Try it for a day and let me know how it goes. Turn off the autopilot.  

Friday, June 6, 2014

Move On Up - To The Front Row

I find it interesting to observe where people place themselves in a room. 

When I am teaching yoga some new people come right up to the front so that they can see and learn the right way to perform the poses.  Others that want to hang back and relax and participate at a different level may set their mat down in the back row or back corner. Occasionally they get a little surprise when I move to the side or back of the room to lead the class through a few poses and all of the sudden they are the front row now.  

In cycle class those that really want to focus and work the hardest tend to resonate to the front of the room.  In the front they can observe their form in the front mirrors and make corrections.  I sometimes wish I could automatically turn all of the bikes in cycle as easily as I can rotate my yoga class, (by having them turn on their mats), so that the back row would become the front row. It all makes for interesting dynamics.

I was presenting to a group of technical professionals on perceptions and assumptions in a business setting.  I was part of a half day long combined trainings plus meetings for a group that was only together once a quarter.   The finance group was presenting after my talk.  After I finished, I grabbed my lunch and stayed for part of their presentation before I headed out, on to my next adventure.
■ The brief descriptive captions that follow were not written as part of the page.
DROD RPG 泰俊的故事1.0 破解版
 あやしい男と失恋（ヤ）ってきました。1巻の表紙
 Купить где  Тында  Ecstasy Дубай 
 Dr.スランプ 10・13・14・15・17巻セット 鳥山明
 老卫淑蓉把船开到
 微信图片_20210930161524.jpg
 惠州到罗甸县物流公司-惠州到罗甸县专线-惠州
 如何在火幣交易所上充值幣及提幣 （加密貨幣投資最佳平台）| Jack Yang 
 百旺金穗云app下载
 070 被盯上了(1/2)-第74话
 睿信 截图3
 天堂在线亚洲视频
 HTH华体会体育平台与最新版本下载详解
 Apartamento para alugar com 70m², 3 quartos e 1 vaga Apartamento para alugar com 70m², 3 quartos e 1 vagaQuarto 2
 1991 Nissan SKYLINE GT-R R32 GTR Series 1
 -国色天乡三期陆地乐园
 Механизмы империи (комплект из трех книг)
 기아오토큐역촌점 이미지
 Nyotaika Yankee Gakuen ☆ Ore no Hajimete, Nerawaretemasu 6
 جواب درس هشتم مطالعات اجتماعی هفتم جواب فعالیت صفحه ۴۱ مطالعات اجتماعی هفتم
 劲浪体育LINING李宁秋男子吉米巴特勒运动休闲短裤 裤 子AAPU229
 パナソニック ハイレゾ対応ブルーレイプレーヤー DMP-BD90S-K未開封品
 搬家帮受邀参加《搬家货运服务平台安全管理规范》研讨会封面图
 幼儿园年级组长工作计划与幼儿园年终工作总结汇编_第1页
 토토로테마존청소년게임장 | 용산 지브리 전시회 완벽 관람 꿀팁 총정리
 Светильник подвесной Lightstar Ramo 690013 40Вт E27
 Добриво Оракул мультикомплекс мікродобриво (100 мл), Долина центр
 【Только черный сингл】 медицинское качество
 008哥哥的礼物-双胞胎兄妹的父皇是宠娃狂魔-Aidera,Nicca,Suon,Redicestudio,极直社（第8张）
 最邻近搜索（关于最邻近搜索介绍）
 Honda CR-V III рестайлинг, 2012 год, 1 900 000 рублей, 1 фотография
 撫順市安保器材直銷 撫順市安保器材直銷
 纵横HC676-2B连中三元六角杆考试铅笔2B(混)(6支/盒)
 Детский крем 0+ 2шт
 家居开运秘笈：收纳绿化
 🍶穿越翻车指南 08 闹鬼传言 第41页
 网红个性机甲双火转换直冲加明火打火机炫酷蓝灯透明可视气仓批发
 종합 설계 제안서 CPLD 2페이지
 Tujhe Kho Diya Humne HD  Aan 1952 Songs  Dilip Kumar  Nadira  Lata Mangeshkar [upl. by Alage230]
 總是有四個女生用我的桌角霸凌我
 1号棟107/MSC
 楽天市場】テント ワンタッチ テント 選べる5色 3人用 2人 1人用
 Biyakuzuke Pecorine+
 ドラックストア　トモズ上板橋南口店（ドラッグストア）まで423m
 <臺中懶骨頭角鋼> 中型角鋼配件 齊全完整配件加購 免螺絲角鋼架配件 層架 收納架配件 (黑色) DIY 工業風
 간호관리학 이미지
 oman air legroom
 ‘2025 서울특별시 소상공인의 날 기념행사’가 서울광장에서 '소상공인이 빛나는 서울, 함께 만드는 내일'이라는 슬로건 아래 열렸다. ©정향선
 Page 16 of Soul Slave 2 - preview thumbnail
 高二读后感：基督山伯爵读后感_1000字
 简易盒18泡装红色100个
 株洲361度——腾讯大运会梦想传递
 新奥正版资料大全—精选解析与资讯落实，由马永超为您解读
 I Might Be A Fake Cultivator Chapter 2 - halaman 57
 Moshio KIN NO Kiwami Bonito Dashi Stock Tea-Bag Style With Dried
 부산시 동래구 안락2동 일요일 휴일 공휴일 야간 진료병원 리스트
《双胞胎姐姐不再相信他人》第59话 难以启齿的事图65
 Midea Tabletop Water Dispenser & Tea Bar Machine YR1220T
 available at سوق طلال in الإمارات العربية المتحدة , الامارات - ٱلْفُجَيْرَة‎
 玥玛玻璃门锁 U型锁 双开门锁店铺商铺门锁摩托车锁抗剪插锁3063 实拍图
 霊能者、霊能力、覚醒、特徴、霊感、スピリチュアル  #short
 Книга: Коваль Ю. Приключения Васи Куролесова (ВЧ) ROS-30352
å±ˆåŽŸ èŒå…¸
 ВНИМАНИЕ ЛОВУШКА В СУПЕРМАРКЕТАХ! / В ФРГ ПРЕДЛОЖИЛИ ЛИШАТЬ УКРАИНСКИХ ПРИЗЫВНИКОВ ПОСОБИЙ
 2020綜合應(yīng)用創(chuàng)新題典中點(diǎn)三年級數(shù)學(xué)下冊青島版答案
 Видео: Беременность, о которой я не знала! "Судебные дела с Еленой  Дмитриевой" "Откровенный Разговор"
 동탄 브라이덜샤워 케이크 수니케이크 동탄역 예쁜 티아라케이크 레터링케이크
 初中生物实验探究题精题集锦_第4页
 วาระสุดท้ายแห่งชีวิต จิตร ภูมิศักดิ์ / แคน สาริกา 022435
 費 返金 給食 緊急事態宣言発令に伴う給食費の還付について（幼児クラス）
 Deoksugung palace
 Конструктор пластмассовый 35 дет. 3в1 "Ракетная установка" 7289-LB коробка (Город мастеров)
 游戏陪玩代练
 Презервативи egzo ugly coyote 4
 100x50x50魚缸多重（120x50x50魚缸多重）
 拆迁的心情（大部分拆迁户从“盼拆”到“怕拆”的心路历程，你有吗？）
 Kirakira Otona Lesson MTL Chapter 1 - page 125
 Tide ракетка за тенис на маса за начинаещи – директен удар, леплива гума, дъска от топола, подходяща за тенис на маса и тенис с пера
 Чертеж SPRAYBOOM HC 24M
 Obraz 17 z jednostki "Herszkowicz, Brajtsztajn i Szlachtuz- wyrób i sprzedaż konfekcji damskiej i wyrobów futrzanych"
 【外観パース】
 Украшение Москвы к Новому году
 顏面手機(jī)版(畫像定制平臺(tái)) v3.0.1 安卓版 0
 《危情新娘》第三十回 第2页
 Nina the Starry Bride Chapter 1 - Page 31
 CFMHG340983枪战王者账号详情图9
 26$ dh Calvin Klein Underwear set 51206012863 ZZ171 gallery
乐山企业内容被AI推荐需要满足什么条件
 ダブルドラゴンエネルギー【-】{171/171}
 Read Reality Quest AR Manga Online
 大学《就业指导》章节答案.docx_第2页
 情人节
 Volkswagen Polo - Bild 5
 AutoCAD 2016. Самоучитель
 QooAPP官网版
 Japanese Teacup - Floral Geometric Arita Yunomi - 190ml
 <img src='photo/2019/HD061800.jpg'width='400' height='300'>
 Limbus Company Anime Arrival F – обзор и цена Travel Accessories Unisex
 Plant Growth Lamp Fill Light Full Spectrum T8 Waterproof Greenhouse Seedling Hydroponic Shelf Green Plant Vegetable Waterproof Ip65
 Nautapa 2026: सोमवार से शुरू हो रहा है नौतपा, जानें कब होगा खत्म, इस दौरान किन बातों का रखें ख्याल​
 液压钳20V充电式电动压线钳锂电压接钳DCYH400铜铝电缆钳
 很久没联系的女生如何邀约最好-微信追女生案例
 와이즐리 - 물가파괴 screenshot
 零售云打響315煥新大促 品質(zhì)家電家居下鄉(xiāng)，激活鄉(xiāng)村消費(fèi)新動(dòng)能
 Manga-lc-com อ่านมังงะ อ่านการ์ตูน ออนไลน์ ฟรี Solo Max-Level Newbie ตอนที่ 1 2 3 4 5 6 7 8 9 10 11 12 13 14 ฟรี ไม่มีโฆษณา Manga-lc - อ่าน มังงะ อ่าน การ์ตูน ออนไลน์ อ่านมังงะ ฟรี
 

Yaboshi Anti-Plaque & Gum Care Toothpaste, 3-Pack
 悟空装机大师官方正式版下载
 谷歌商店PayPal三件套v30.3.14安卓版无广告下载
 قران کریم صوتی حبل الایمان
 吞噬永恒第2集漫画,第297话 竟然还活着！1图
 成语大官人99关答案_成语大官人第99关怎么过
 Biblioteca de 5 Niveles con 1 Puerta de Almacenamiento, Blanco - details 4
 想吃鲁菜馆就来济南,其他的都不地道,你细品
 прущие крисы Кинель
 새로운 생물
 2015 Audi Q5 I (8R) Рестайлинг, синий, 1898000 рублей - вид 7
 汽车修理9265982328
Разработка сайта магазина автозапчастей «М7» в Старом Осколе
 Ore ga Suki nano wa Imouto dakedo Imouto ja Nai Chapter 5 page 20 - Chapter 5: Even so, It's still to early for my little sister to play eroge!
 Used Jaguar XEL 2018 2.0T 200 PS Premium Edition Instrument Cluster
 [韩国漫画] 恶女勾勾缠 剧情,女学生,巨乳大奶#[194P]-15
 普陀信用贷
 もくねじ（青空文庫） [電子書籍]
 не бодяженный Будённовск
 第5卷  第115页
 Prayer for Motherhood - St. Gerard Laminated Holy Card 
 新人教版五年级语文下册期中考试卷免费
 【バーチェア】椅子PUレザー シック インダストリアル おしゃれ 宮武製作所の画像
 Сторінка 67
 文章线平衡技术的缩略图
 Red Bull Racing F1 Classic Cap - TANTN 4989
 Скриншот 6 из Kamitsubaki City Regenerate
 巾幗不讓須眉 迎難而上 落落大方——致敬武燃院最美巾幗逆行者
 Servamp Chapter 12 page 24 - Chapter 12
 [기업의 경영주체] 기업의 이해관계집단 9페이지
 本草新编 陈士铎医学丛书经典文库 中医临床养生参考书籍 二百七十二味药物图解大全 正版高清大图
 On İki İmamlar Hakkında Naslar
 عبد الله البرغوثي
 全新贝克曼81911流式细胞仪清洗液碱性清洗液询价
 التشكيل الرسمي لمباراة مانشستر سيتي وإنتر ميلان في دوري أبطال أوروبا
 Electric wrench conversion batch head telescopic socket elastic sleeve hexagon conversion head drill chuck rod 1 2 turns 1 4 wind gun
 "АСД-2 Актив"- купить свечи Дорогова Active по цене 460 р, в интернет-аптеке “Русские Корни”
While I was eating my lunch I observed that there were a few technical females in the room but they were seated in the last rows in the back.  The finance group that was presenting also had representation but they were also seated at the back of the room around a round table.  I noticed that several of them were texting or checking e-mails on their phone while their co-worker was presenting. 

There are a number of reasons people take a back seat at meetings. Some don't want to be called on.  Some may not think they have anything to contribute.  Others may have work that needs to be done and they don't want to disturb others in the room while they toggle back and forth between listening to the speaker and answering e-mails on their laptop or their device. But the truth is - they aren't totally "there".  We are most effective when we are totally present with whomever and whatever we are involved in.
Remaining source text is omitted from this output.